CEI’s Battered Business Bureau: The Week in Regulation
Another Friday meant another 699-page Federal Register, which now exceeds 20,000 pages on the year. The big news is a fiduciary rule for retirement planning, but 86 other new regulations for the week cover everything from garage door openers to fresh peppers.
On to the data:
- Last week, 87 new final regulations were published in the Federal Register, after 92 the previous week.
- That’s the equivalent of a new regulation every one hour and 56 minutes.
- With 887 final regulations published so far in 2016, the federal government is on pace to issue 3,261 regulations in 2016. Last year’s total was 3,406 regulations.
- Last week, 2,201 new pages were added to the Federal Register, after 1,958 pages the previous week.
- Currently at 21,188 pages, the 2016 Federal Register is on pace for 77,898 pages. The 2015 Federal Register had an adjusted page count of 81,611.
- Rules are called “economically significant” if they have costs of $100 million or more in a given year. Seven such rules have been published so far in 2016, one in the last week.
- The running compliance cost tally for 2016’s economically significant regulations ranges from $629 million to $1.46 billion.
- 77 final rules meeting the broader definition of “significant” have been published this year.
- So far in 2016, 164 new rules affect small businesses; 27 of them are classified as significant.

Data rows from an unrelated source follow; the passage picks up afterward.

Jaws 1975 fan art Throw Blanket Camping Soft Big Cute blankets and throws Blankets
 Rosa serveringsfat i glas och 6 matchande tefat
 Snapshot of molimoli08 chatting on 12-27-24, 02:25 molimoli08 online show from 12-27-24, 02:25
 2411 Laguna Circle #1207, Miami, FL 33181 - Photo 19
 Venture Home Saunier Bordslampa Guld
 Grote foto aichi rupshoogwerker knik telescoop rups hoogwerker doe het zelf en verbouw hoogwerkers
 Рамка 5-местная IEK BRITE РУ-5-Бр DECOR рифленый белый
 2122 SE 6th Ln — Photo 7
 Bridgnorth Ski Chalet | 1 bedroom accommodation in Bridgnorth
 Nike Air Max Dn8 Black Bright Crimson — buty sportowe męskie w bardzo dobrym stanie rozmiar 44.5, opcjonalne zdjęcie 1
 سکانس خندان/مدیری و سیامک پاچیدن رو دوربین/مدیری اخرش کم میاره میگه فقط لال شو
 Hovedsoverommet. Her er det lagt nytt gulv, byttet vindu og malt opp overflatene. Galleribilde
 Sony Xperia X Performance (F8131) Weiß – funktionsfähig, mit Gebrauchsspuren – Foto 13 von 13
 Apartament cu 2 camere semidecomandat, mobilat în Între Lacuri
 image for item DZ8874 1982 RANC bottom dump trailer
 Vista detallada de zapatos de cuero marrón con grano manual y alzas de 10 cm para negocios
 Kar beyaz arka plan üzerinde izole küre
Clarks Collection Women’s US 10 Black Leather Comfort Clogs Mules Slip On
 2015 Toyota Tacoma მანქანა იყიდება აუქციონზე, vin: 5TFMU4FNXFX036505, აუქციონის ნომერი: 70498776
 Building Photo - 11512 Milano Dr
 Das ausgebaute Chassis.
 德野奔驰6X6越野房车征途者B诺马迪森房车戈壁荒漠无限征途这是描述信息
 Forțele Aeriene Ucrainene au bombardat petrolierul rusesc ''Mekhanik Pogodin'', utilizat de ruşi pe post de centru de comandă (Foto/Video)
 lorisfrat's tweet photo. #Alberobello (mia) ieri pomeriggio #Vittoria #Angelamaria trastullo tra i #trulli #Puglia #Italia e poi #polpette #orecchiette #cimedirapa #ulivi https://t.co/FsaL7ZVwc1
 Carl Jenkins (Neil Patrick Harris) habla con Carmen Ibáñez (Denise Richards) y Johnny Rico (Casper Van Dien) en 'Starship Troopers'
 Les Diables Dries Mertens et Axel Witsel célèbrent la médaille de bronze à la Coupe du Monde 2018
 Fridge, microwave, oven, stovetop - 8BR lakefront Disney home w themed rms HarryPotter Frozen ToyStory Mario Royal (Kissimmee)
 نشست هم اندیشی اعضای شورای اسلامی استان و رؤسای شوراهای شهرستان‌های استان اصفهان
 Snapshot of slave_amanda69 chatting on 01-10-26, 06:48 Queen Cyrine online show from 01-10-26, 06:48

Highlights from selected final rules published last week:
- Record collections for boats.
- The week’s most important regulation is a 58-page fiduciary rule for retirement planning.
- The definition of a spouse. In this case a good thing, because it affirms the recent Supreme Court decision on marriage equality.
- Blackberries and raspberries from Ecuador.
- And fresh peppers.
- A correction to an earlier washing machine regulation.
- The U.S. has the developed world’s highest corporate tax rates. If you’re thinking of moving your company’s headquarters outside of the U.S. and paying tax to another government instead, the IRS would rather you keep your company’s headquarters in the U.S.
- Garage door openers.
- The big sandy crayfish is now a threatened species, and the Guyandotte River crayfish is now an endangered species.
- But captive-bred tiger regulations are now a little looser.
- Sanitary transportation of human and animal food.